▶ **Data provided**
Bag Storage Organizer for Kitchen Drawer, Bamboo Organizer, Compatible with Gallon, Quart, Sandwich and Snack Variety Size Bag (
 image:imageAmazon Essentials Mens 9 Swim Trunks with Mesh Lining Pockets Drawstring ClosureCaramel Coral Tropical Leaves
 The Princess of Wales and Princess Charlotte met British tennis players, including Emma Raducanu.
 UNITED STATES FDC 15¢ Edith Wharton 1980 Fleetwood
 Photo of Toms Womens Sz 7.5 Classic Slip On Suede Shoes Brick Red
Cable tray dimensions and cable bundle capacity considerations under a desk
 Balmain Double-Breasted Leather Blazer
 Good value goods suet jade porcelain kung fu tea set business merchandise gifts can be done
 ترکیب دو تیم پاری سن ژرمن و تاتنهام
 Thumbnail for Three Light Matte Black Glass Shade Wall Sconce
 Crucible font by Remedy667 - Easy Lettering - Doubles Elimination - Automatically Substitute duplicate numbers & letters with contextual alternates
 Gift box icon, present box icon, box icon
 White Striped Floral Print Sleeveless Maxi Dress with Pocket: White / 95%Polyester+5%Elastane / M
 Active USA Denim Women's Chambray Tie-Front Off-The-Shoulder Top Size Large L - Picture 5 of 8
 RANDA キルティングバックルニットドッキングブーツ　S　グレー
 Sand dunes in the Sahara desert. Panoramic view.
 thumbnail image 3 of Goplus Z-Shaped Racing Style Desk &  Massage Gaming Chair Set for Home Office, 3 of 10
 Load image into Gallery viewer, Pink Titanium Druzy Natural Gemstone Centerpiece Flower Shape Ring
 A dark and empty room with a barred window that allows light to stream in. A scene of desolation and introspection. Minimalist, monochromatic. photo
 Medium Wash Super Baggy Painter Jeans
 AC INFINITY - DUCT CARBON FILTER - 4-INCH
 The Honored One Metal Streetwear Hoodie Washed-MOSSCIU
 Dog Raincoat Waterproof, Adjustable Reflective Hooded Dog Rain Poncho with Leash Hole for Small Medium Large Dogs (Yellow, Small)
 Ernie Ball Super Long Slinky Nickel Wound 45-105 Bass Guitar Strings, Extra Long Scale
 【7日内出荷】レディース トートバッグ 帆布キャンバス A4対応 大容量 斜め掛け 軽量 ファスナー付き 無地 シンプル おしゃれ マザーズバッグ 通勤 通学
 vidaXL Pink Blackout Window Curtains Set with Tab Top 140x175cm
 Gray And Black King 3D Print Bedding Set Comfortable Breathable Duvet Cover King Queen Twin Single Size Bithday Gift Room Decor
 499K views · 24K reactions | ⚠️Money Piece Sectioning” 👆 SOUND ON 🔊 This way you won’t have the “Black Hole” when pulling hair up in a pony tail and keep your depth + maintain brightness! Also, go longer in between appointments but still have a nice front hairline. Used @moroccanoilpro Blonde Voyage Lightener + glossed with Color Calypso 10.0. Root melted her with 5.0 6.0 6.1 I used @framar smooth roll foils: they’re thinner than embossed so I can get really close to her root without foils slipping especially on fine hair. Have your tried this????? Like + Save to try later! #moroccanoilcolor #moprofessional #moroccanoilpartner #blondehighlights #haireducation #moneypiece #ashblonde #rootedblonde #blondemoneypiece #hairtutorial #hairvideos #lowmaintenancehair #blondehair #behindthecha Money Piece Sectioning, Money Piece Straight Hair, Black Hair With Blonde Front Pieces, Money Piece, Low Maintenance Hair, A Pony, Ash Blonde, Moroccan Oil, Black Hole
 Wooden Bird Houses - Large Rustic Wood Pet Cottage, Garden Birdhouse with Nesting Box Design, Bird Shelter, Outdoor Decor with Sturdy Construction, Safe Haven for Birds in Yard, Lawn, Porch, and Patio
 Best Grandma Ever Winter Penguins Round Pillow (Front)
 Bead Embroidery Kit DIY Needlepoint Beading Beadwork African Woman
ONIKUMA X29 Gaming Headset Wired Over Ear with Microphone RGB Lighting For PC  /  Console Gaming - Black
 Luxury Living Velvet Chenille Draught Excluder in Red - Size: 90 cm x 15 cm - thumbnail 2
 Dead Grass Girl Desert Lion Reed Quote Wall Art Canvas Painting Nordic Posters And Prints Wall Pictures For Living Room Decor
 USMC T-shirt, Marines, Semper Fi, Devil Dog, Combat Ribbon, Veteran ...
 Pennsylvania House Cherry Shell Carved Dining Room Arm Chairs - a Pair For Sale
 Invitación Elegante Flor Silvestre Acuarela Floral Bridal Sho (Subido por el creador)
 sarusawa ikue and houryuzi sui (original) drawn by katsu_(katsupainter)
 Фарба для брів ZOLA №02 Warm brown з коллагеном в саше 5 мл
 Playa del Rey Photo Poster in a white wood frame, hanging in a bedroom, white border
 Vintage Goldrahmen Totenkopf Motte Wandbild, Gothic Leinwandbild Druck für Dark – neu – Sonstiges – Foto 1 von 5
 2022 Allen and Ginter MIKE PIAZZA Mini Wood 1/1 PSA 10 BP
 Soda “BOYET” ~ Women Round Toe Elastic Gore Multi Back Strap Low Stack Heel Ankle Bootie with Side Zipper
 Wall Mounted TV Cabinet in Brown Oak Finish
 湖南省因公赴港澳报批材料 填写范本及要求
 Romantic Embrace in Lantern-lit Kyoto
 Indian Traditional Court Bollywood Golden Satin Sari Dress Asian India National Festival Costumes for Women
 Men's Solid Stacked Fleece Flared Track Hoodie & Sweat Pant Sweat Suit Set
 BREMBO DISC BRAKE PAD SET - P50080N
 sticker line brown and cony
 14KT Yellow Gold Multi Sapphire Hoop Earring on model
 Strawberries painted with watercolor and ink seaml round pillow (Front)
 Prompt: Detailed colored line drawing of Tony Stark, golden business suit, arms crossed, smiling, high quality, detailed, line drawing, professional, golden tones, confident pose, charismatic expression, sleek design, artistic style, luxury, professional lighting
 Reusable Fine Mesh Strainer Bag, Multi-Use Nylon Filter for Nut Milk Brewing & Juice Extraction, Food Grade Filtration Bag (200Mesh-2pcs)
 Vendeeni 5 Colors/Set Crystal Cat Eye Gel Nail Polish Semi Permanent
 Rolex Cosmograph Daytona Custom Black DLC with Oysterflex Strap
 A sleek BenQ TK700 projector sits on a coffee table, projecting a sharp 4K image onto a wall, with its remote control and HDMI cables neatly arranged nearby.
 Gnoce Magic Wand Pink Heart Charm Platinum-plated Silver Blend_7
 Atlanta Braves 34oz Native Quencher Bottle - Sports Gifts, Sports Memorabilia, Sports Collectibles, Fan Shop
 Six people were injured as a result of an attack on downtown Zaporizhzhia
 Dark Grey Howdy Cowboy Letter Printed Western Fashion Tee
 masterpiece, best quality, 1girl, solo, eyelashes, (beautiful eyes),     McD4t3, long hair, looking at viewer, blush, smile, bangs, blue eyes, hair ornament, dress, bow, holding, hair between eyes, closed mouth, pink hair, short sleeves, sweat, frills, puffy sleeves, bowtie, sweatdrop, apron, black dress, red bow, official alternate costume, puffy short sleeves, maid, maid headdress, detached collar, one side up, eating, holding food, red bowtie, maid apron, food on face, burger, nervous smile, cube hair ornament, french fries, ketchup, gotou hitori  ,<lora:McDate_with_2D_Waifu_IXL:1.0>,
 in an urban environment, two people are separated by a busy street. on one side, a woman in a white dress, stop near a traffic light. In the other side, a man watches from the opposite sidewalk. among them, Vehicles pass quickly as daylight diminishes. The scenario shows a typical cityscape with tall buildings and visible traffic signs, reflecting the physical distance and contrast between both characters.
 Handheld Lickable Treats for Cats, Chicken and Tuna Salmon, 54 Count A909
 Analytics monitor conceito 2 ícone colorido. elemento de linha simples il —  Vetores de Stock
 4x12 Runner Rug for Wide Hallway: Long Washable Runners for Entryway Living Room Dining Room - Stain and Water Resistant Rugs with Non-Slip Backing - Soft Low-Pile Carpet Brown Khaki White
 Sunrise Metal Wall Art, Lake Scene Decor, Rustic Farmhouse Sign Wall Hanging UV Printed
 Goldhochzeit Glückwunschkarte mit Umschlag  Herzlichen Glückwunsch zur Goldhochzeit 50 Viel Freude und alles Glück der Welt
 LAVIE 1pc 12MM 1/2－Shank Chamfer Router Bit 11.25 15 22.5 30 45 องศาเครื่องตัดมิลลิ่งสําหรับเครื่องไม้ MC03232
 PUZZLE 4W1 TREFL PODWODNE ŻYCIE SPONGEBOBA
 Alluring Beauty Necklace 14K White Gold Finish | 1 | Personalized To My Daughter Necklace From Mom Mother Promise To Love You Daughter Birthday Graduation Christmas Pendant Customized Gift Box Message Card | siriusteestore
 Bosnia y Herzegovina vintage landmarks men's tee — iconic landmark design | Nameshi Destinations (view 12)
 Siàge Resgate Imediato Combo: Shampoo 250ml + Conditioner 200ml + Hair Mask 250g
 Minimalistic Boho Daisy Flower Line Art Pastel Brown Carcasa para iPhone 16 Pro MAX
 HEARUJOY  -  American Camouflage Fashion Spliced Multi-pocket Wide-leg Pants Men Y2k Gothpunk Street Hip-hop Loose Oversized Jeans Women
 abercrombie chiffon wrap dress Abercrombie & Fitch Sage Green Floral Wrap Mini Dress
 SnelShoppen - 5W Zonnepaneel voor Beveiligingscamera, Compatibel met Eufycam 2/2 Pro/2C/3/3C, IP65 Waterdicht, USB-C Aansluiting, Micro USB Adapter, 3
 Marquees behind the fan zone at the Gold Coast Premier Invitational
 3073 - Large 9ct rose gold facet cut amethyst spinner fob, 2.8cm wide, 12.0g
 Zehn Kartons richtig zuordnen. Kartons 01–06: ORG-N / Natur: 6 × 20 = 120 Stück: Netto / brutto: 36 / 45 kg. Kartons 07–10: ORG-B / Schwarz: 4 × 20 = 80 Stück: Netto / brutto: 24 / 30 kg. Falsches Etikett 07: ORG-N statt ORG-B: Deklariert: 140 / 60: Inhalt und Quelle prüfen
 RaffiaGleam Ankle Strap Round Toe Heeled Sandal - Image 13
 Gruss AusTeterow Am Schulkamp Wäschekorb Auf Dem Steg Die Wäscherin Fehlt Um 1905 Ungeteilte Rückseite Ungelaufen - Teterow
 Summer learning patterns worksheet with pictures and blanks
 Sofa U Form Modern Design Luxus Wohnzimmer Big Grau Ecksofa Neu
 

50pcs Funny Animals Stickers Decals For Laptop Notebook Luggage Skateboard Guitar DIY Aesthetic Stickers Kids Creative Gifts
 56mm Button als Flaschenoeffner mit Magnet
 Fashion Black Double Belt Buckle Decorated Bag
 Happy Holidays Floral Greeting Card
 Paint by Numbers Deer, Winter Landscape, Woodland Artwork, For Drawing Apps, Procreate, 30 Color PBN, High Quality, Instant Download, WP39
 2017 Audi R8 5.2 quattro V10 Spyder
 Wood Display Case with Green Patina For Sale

▶ **Problem to solve**
Find the word "Metal" in the entries, then copy out every line that has it.

▶ **Result**
 The Honored One Metal Streetwear Hoodie Washed-MOSSCIU
 Sunrise Metal Wall Art, Lake Scene Decor, Rustic Farmhouse Sign Wall Hanging UV Printed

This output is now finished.